§ **Task objective**: Give back, word for word, only the lines from the one containing "Дизиготека (Schefflera elegantissima" to the end of the listing below.

§ **Data for this task**:
◇ ◇ ◇ ◇ ◇
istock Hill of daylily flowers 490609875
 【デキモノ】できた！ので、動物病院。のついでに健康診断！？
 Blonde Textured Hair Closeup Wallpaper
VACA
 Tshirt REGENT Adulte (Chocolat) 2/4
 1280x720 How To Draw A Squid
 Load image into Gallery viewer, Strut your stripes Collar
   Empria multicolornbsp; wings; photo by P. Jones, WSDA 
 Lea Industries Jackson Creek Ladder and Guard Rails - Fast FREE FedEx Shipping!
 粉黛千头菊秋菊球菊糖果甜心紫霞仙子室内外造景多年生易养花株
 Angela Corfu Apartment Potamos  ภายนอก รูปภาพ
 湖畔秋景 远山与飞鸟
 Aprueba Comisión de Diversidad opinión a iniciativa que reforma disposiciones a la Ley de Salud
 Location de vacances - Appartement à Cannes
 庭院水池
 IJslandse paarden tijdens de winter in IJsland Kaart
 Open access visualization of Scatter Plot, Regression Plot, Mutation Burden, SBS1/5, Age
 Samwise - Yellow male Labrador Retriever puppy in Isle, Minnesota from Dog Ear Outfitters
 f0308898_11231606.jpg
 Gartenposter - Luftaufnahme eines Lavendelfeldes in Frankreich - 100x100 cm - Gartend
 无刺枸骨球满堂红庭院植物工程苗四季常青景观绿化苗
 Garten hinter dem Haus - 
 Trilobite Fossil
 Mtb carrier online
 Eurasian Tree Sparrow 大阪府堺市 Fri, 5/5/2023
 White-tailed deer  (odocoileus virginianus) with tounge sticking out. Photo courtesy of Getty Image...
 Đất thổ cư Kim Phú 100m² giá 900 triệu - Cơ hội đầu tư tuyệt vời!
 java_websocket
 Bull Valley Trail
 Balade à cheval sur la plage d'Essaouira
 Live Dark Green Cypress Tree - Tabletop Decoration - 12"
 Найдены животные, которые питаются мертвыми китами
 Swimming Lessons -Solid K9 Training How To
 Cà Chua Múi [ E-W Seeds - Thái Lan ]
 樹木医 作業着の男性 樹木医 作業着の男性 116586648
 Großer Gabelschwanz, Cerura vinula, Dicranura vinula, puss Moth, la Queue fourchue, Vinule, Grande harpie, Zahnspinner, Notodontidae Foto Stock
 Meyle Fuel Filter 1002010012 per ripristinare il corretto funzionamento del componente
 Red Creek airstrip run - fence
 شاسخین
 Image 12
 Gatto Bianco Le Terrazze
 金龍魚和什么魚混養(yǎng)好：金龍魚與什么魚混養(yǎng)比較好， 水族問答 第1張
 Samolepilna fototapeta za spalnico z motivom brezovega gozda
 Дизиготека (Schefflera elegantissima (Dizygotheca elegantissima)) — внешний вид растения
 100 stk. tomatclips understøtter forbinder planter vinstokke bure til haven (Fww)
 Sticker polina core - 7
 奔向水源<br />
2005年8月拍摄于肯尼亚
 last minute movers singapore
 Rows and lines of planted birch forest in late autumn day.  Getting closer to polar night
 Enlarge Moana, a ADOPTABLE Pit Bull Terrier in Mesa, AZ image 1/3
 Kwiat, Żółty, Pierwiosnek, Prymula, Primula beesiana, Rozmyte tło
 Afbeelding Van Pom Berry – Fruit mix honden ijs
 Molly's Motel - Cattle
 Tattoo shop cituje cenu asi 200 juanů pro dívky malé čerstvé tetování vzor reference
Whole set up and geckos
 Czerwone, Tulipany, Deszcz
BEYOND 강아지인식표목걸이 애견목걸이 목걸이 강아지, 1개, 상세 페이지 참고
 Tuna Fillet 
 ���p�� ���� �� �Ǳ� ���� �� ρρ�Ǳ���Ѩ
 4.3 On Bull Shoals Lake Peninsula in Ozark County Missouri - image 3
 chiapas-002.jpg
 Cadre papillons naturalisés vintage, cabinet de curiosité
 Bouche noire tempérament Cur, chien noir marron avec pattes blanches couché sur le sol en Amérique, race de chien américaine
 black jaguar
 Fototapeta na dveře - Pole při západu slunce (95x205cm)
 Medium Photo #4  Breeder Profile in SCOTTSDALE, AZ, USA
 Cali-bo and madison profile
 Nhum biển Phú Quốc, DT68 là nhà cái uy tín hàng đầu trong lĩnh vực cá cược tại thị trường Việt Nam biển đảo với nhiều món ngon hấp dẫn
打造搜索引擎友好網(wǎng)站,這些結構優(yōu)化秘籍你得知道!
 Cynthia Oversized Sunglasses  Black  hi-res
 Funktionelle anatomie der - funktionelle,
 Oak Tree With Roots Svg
◇ ◇ ◇ ◇ ◇
§ **Output for this task**:
 Дизиготека (Schefflera elegantissima (Dizygotheca elegantissima)) — внешний вид растения
 100 stk. tomatclips understøtter forbinder planter vinstokke bure til haven (Fww)
 Sticker polina core - 7
 奔向水源<br />
2005年8月拍摄于肯尼亚
 last minute movers singapore
 Rows and lines of planted birch forest in late autumn day.  Getting closer to polar night
 Enlarge Moana, a ADOPTABLE Pit Bull Terrier in Mesa, AZ image 1/3
 Kwiat, Żółty, Pierwiosnek, Prymula, Primula beesiana, Rozmyte tło
 Afbeelding Van Pom Berry – Fruit mix honden ijs
 Molly's Motel - Cattle
 Tattoo shop cituje cenu asi 200 juanů pro dívky malé čerstvé tetování vzor reference
Whole set up and geckos
 Czerwone, Tulipany, Deszcz
BEYOND 강아지인식표목걸이 애견목걸이 목걸이 강아지, 1개, 상세 페이지 참고
 Tuna Fillet 
 ���p�� ���� �� �Ǳ� ���� �� ρρ�Ǳ���Ѩ
 4.3 On Bull Shoals Lake Peninsula in Ozark County Missouri - image 3
 chiapas-002.jpg
 Cadre papillons naturalisés vintage, cabinet de curiosité
 Bouche noire tempérament Cur, chien noir marron avec pattes blanches couché sur le sol en Amérique, race de chien américaine
 black jaguar
 Fototapeta na dveře - Pole při západu slunce (95x205cm)
 Medium Photo #4  Breeder Profile in SCOTTSDALE, AZ, USA
 Cali-bo and madison profile
 Nhum biển Phú Quốc, DT68 là nhà cái uy tín hàng đầu trong lĩnh vực cá cược tại thị trường Việt Nam biển đảo với nhiều món ngon hấp dẫn
打造搜索引擎友好網(wǎng)站,這些結構優(yōu)化秘籍你得知道!
 Cynthia Oversized Sunglasses  Black  hi-res
 Funktionelle anatomie der - funktionelle,
 Oak Tree With Roots Svg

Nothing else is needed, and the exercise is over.